» To do
Drop every picture, then print the rest of the listing exactly as given.

(Beginning of Data for analysis)

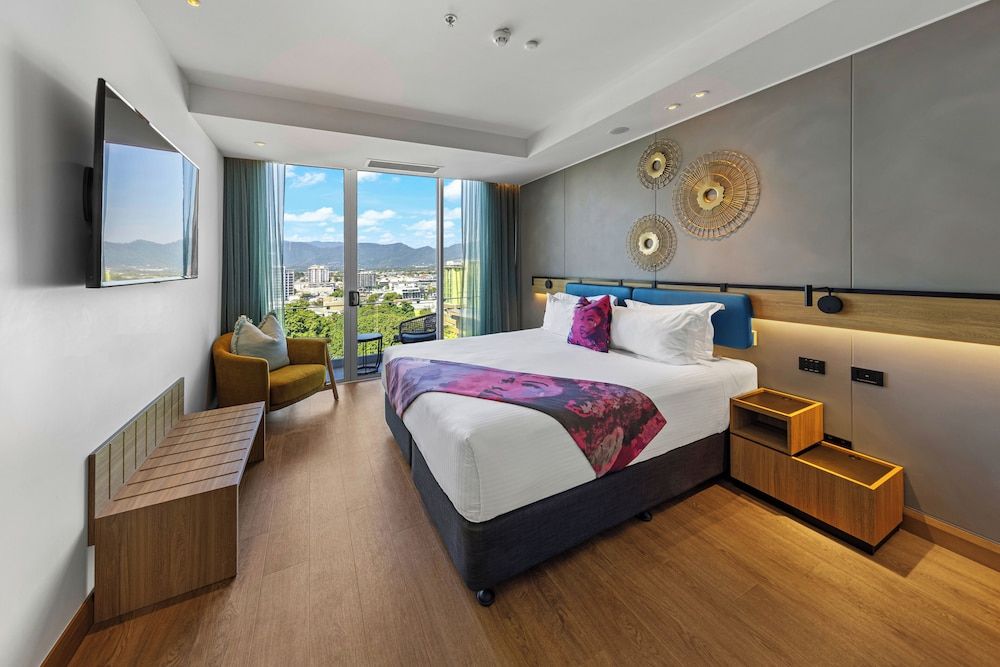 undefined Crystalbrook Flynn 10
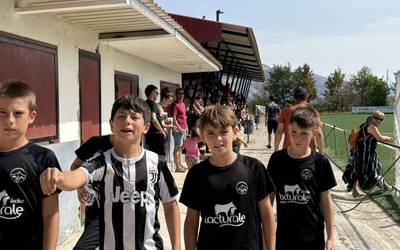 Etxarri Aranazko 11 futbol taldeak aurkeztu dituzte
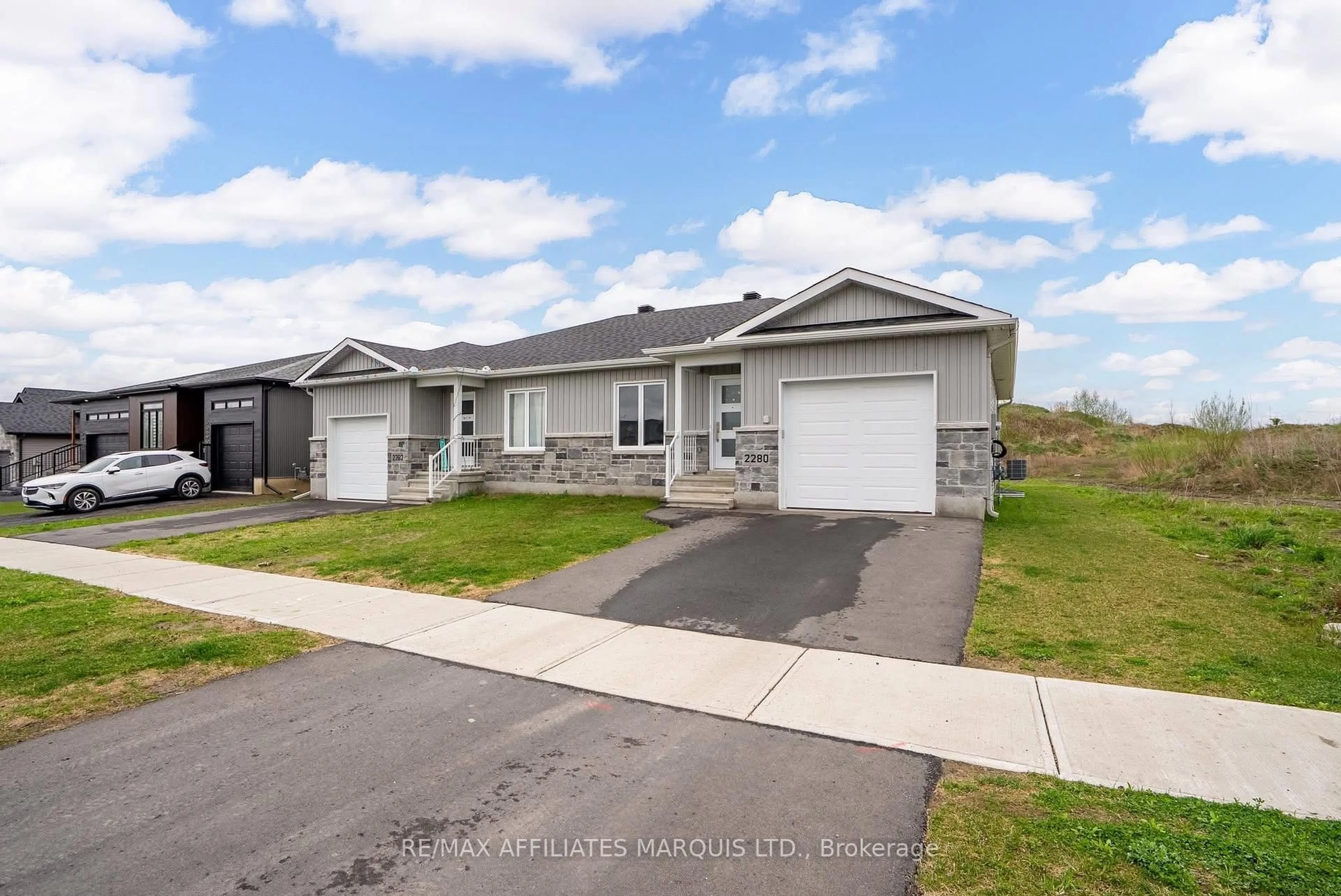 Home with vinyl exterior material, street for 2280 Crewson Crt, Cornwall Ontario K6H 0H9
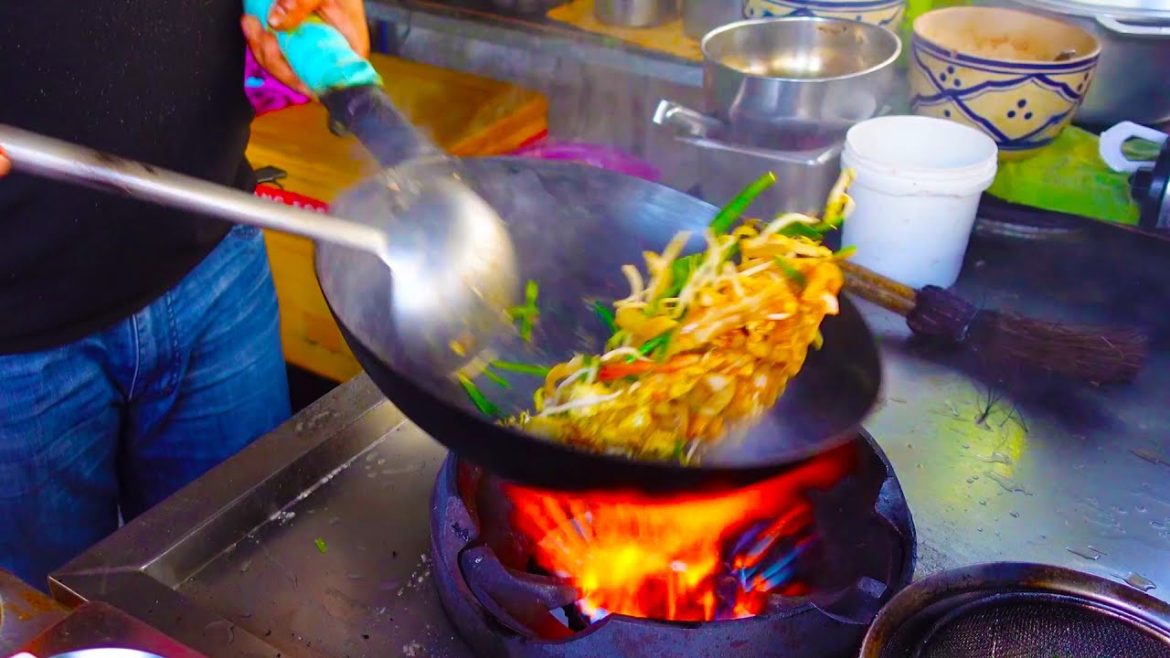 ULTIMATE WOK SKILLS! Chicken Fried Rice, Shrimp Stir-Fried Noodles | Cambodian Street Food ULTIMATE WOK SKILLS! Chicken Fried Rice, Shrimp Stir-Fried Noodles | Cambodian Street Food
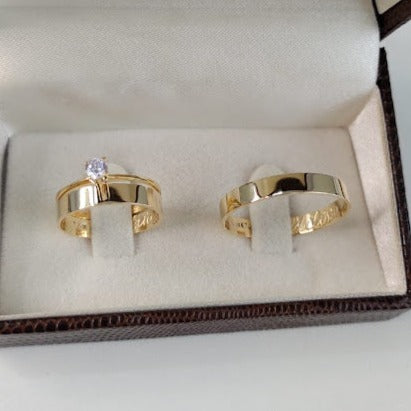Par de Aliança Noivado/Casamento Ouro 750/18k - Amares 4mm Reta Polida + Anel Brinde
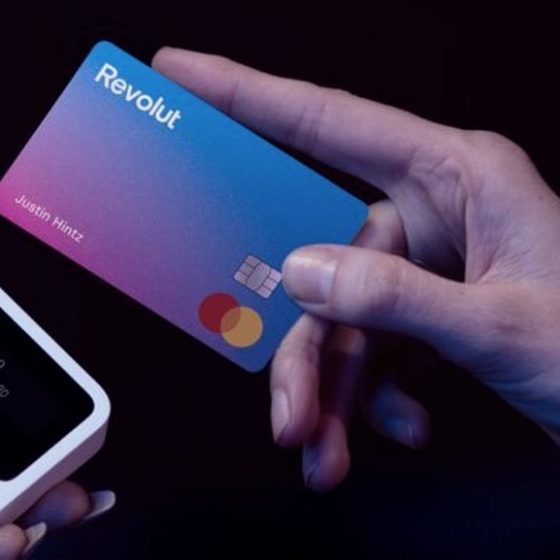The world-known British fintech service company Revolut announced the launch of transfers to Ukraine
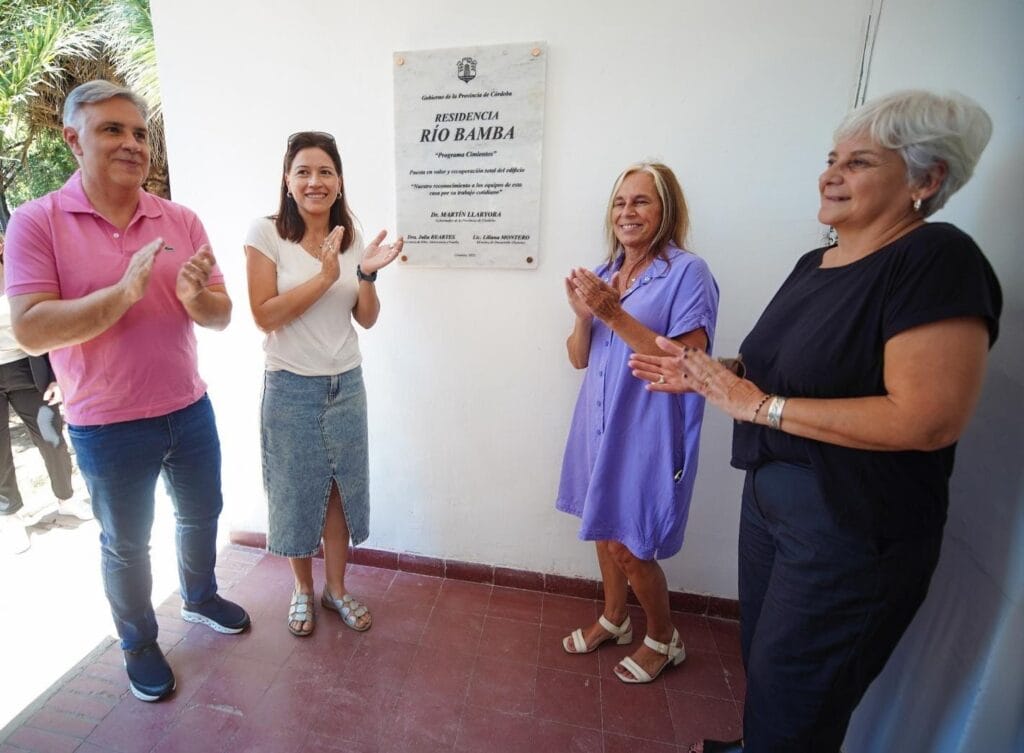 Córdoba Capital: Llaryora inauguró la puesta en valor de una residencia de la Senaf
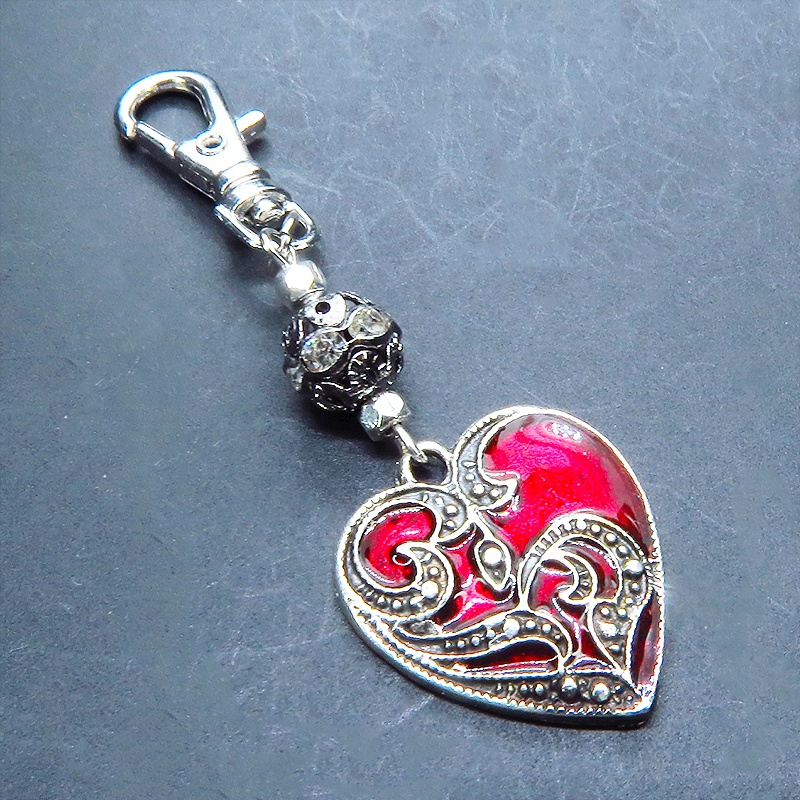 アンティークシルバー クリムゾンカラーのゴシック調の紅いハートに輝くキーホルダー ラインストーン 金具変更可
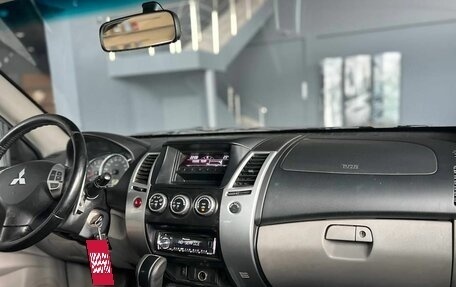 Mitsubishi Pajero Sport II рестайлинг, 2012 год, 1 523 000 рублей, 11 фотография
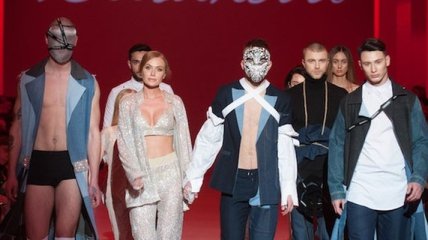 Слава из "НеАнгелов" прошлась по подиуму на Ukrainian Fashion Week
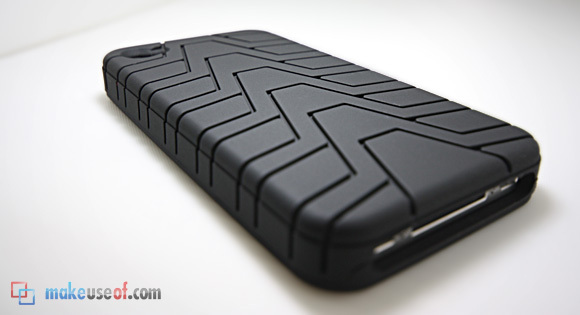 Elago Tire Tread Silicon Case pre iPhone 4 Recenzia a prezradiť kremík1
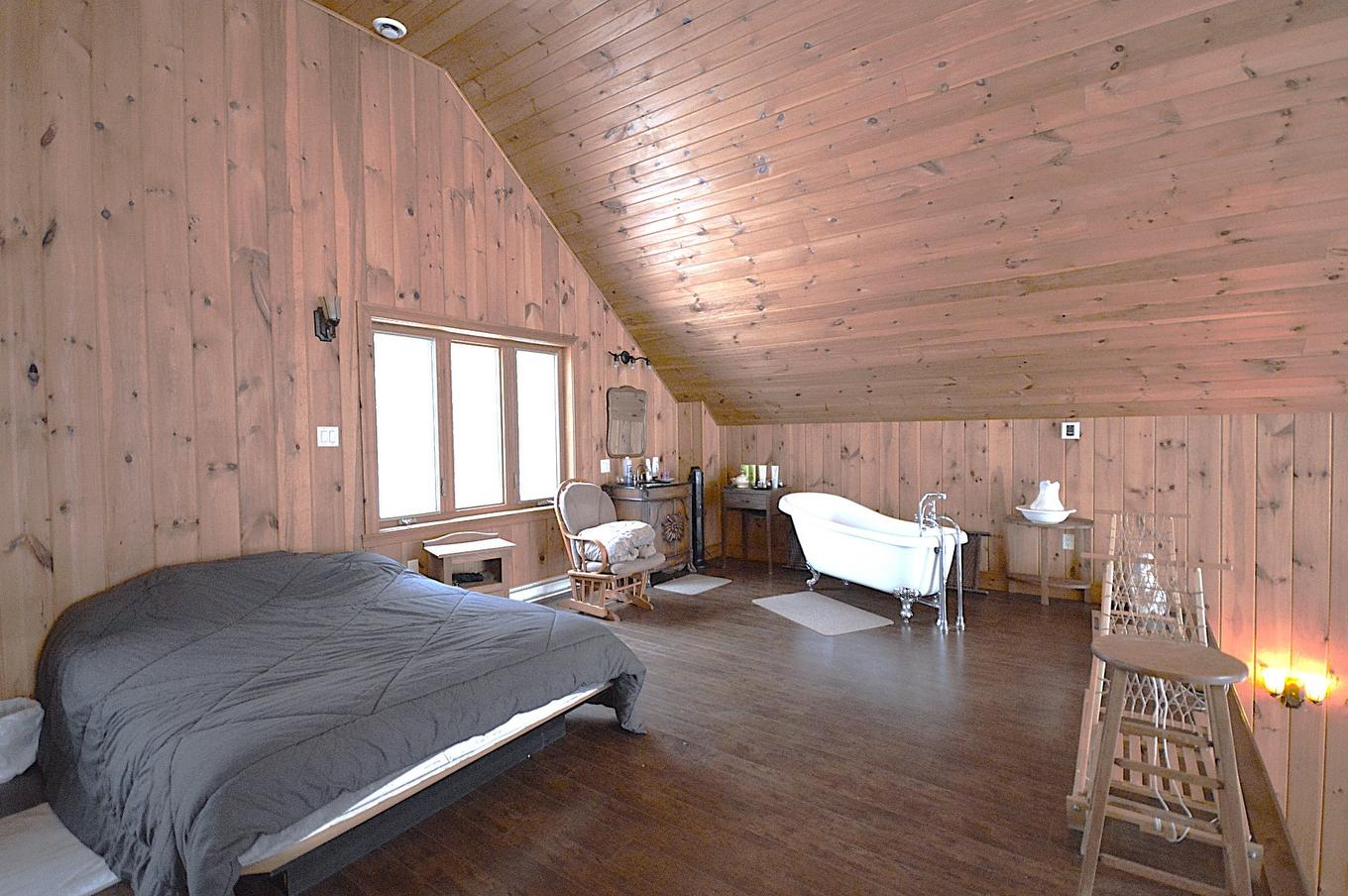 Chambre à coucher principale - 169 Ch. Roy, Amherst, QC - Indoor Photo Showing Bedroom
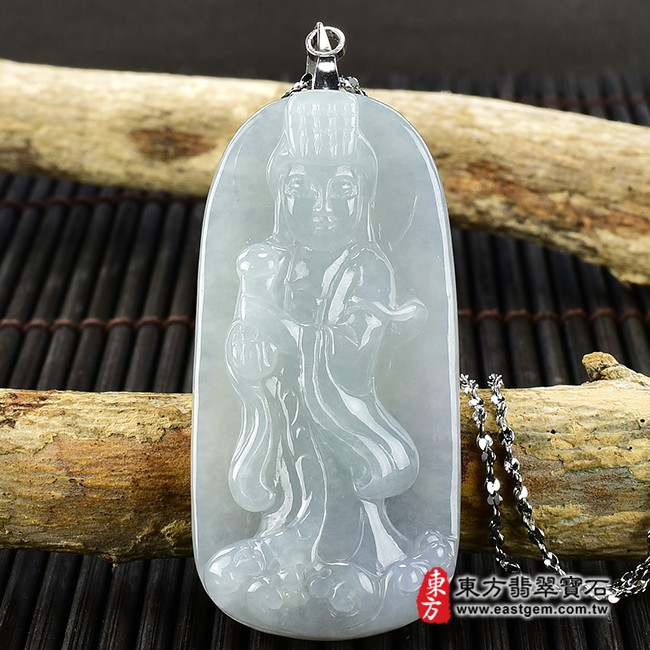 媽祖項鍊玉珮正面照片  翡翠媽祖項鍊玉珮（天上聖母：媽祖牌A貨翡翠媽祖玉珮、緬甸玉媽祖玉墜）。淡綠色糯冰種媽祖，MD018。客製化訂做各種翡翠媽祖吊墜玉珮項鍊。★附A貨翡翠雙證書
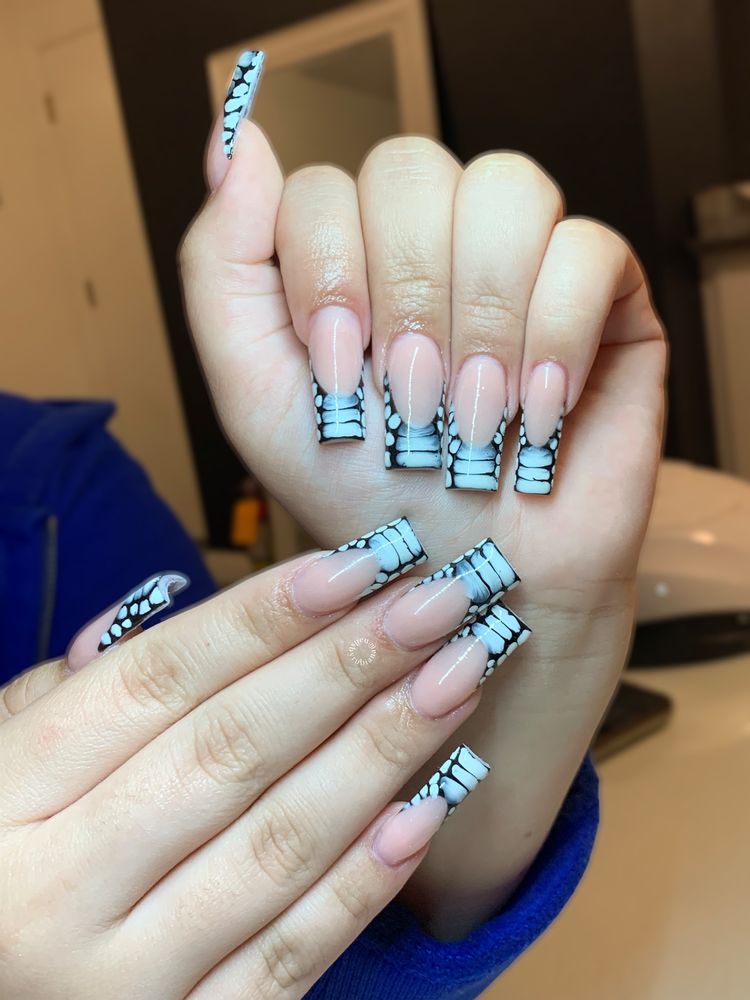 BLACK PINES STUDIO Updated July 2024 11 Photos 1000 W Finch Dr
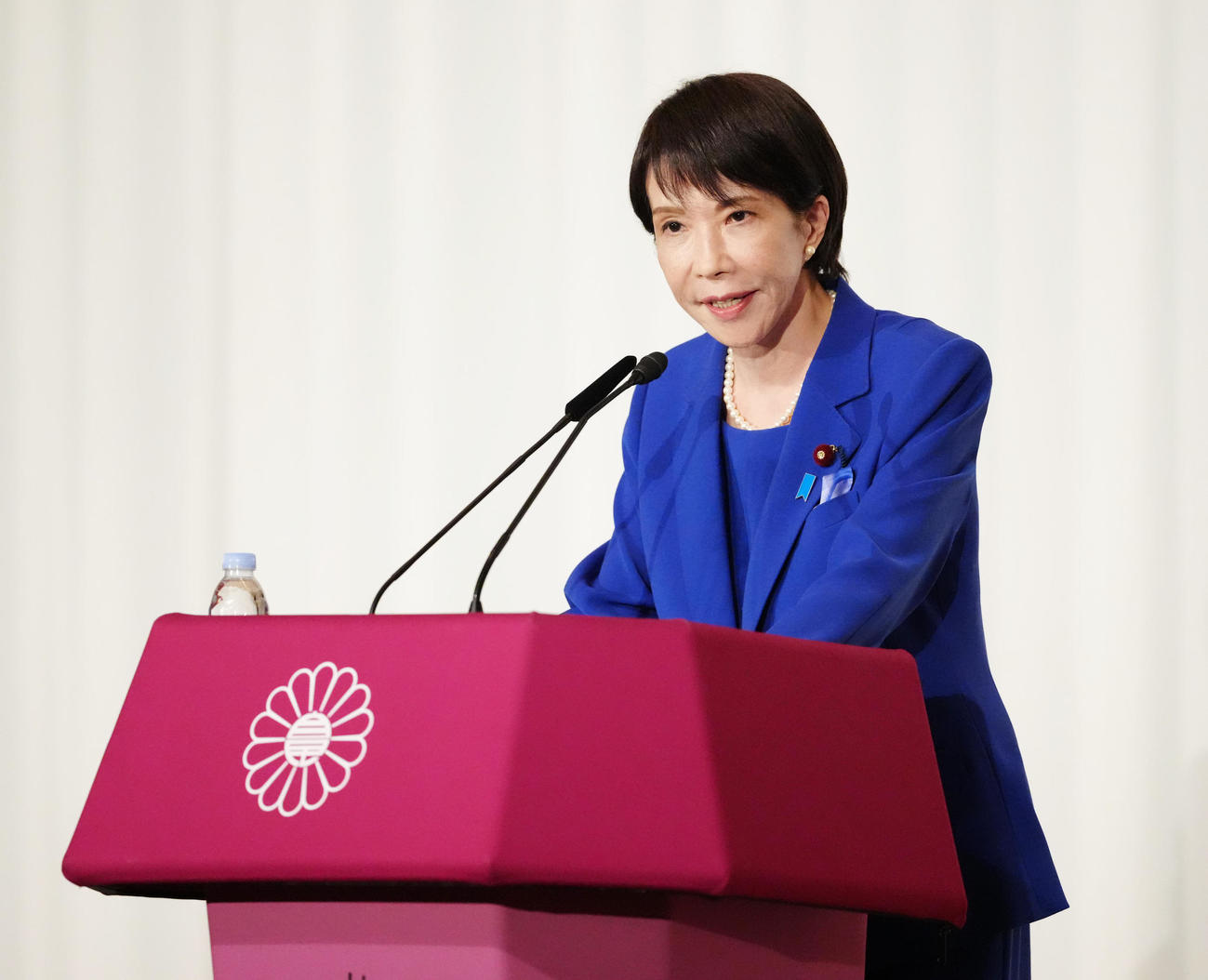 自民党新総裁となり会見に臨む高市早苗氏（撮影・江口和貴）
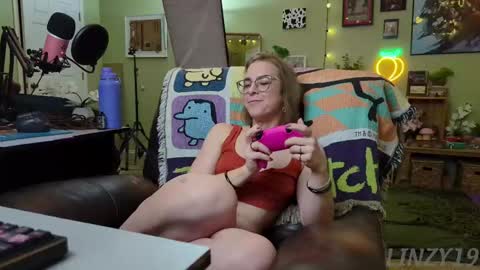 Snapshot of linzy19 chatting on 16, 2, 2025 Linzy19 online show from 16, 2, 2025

(End of Data for analysis)

» Exercise solution
 undefined Crystalbrook Flynn 10
 Etxarri Aranazko 11 futbol taldeak aurkeztu dituzte
 Home with vinyl exterior material, street for 2280 Crewson Crt, Cornwall Ontario K6H 0H9
 ULTIMATE WOK SKILLS! Chicken Fried Rice, Shrimp Stir-Fried Noodles | Cambodian Street Food ULTIMATE WOK SKILLS! Chicken Fried Rice, Shrimp Stir-Fried Noodles | Cambodian Street Food
Par de Aliança Noivado/Casamento Ouro 750/18k - Amares 4mm Reta Polida + Anel Brinde
The world-known British fintech service company Revolut announced the launch of transfers to Ukraine
 Córdoba Capital: Llaryora inauguró la puesta en valor de una residencia de la Senaf
 アンティークシルバー クリムゾンカラーのゴシック調の紅いハートに輝くキーホルダー ラインストーン 金具変更可
 Mitsubishi Pajero Sport II рестайлинг, 2012 год, 1 523 000 рублей, 11 фотография
 Слава из "НеАнгелов" прошлась по подиуму на Ukrainian Fashion Week
 Elago Tire Tread Silicon Case pre iPhone 4 Recenzia a prezradiť kremík1
 Chambre à coucher principale - 169 Ch. Roy, Amherst, QC - Indoor Photo Showing Bedroom
 媽祖項鍊玉珮正面照片  翡翠媽祖項鍊玉珮（天上聖母：媽祖牌A貨翡翠媽祖玉珮、緬甸玉媽祖玉墜）。淡綠色糯冰種媽祖，MD018。客製化訂做各種翡翠媽祖吊墜玉珮項鍊。★附A貨翡翠雙證書
 BLACK PINES STUDIO Updated July 2024 11 Photos 1000 W Finch Dr
 自民党新総裁となり会見に臨む高市早苗氏（撮影・江口和貴）
 Snapshot of linzy19 chatting on 16, 2, 2025 Linzy19 online show from 16, 2, 2025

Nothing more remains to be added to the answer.